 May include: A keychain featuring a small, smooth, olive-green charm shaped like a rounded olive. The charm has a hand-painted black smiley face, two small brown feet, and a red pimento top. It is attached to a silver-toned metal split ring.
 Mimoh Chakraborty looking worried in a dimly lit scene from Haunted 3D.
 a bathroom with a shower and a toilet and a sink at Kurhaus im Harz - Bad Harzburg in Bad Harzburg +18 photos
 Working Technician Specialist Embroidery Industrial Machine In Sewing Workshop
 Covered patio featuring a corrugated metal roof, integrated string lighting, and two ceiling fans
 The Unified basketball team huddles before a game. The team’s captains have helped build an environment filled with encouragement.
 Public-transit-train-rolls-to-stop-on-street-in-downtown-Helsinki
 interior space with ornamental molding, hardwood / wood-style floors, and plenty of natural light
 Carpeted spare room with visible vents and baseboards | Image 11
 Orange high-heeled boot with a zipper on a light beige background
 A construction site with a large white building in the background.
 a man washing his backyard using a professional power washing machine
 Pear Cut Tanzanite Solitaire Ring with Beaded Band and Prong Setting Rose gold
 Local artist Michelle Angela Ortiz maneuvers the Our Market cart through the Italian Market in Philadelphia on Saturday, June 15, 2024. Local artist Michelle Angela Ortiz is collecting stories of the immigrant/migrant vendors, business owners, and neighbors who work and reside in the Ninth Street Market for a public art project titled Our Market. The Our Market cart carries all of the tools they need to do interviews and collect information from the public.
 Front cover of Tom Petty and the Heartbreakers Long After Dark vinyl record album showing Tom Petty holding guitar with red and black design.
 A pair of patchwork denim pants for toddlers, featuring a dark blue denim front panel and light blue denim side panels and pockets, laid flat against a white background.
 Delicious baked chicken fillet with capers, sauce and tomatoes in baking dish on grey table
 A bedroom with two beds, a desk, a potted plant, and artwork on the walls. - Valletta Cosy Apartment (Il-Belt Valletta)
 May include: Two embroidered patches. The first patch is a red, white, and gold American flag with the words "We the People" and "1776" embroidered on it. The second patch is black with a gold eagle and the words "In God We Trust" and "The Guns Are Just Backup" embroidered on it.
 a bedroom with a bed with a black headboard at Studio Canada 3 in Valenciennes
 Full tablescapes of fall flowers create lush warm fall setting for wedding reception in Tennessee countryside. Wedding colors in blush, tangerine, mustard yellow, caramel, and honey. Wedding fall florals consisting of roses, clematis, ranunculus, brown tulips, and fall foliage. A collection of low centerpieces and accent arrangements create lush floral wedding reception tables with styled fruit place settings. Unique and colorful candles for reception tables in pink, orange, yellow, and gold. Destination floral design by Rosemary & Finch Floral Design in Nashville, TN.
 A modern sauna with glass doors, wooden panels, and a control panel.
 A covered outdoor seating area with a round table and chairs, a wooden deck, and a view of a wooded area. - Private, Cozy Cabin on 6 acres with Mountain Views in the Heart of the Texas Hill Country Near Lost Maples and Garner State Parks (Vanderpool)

What the task requires | Give all the entries again exactly; leave none out.

Your solution |
 May include: A keychain featuring a small, smooth, olive-green charm shaped like a rounded olive. The charm has a hand-painted black smiley face, two small brown feet, and a red pimento top. It is attached to a silver-toned metal split ring.
 Mimoh Chakraborty looking worried in a dimly lit scene from Haunted 3D.
 a bathroom with a shower and a toilet and a sink at Kurhaus im Harz - Bad Harzburg in Bad Harzburg +18 photos
 Working Technician Specialist Embroidery Industrial Machine In Sewing Workshop
 Covered patio featuring a corrugated metal roof, integrated string lighting, and two ceiling fans
 The Unified basketball team huddles before a game. The team’s captains have helped build an environment filled with encouragement.
 Public-transit-train-rolls-to-stop-on-street-in-downtown-Helsinki
 interior space with ornamental molding, hardwood / wood-style floors, and plenty of natural light
 Carpeted spare room with visible vents and baseboards | Image 11
 Orange high-heeled boot with a zipper on a light beige background
 A construction site with a large white building in the background.
 a man washing his backyard using a professional power washing machine
 Pear Cut Tanzanite Solitaire Ring with Beaded Band and Prong Setting Rose gold
 Local artist Michelle Angela Ortiz maneuvers the Our Market cart through the Italian Market in Philadelphia on Saturday, June 15, 2024. Local artist Michelle Angela Ortiz is collecting stories of the immigrant/migrant vendors, business owners, and neighbors who work and reside in the Ninth Street Market for a public art project titled Our Market. The Our Market cart carries all of the tools they need to do interviews and collect information from the public.
 Front cover of Tom Petty and the Heartbreakers Long After Dark vinyl record album showing Tom Petty holding guitar with red and black design.
 A pair of patchwork denim pants for toddlers, featuring a dark blue denim front panel and light blue denim side panels and pockets, laid flat against a white background.
 Delicious baked chicken fillet with capers, sauce and tomatoes in baking dish on grey table
 A bedroom with two beds, a desk, a potted plant, and artwork on the walls. - Valletta Cosy Apartment (Il-Belt Valletta)
 May include: Two embroidered patches. The first patch is a red, white, and gold American flag with the words "We the People" and "1776" embroidered on it. The second patch is black with a gold eagle and the words "In God We Trust" and "The Guns Are Just Backup" embroidered on it.
 a bedroom with a bed with a black headboard at Studio Canada 3 in Valenciennes
 Full tablescapes of fall flowers create lush warm fall setting for wedding reception in Tennessee countryside. Wedding colors in blush, tangerine, mustard yellow, caramel, and honey. Wedding fall florals consisting of roses, clematis, ranunculus, brown tulips, and fall foliage. A collection of low centerpieces and accent arrangements create lush floral wedding reception tables with styled fruit place settings. Unique and colorful candles for reception tables in pink, orange, yellow, and gold. Destination floral design by Rosemary & Finch Floral Design in Nashville, TN.
 A modern sauna with glass doors, wooden panels, and a control panel.
 A covered outdoor seating area with a round table and chairs, a wooden deck, and a view of a wooded area. - Private, Cozy Cabin on 6 acres with Mountain Views in the Heart of the Texas Hill Country Near Lost Maples and Garner State Parks (Vanderpool)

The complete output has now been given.